No such thing. Even if you could mod your own modem, the one you're dialling into at your ISP will still be a plain old 56k modem.
At best you might be thinking of a way to modify it so that the communication from the modem to your computer can be increased. A standard serial port operates at 115Kbps maximum, and most modem drivers configure themselves to use that speed for the computer to modem communication. A later version of the standard port, which is highly uncommon, allowed 230Kbps. If your modem's chip supported it, you could then provide more data to the modem. However the modem is still limited to the 33.6Kbps (or 48Kbps for V.92) for the actual data transfer.
Most modems do some sort of compression of the data. If the data is text, then a significant compression is possible, so that perhaps 50k of text results in only 5k of data transfer, with the modem at the other end decompressing it. In this case, a faster serial port speed results in the modem getting more data faster to be able to do better compression. However, most of a modem users upload is just connection requests to servers, or IRC/AIM/ICQ chat, which is just text data, and very little of it. The compression doesn't really result in very much difference in speed, and the inherent latency of a dialup line makes it pretty much unnoticeable. On the download side, whether or not extreme compression occurs depends on your ISP's modem's abilities; and given the content of many webpages, the amount of compressible text isn't much these days, while the uncompressible images or other objects are becoming greater.
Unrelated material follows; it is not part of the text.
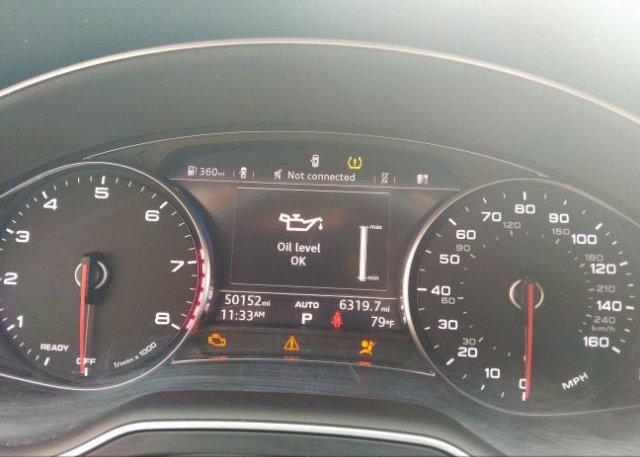 2019 AUDI Q7 VIN: WA1AHAF74KD023343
Also, the limits of analog modem use are a result of the physical limits of analog phone lines and the switching systems. The FCC limits what is allowed on the phone lines, so that the limit for the download is now 53Kbps for a 56k modem, and the only way that is possible is if your phone line is digitally transferred through from your ISP through the phone network all the way up to the last point where it goes analog to your phone. The upload limit can't even go that high, because the signal has to start out as an analog signal which can't be gotten up to those speeds. V.92 modems apparently don't really get up to 48Kbps uploads, they're just able to do it in the right conditions.
Also, external modems DO have some differences from many internal modems. Many of the cheaper internal modems are "software modems" -- the chip onboard doesn't do any of the signal processing, it just converts the signal to a form to send to the CPU, which then converts it to digital information (some types do a limited amount of processing so that it's not entirely software processed). A modem which does the entire process has a Digital Signal Processor (DSP) onboard, which converts the analog signal directly to the original digital data stream that the original computer was sending, then sends it to the processor for storage, display, whatever. All or at least very nearly all serial-port modems are hardware modems, simply because of the low data rate compared to a PCI bus, and external modems are already expensive anyway so you may as well be getting the best type possible. USB modems I think for the most part are software modems, but there may be hardware-based versions.
A software modem uses CPU cycles for the modem processing. This means that the other stuff you're doing doesn't have as many cycles available. On a very slow CPU, this can mean a significant portion of the CPU power is being used just for the modem transfer, and in the past there've been issues with software modems not always getting as good a speed as a hardware modem, or the noticeable speed seems slow because the processor isn't able to deal with the data fast enough. However, with today's CPUs, and very well-tuned software modem chips, this isn't much of an issue. Some people get better performance with a software modem than a hardware modem.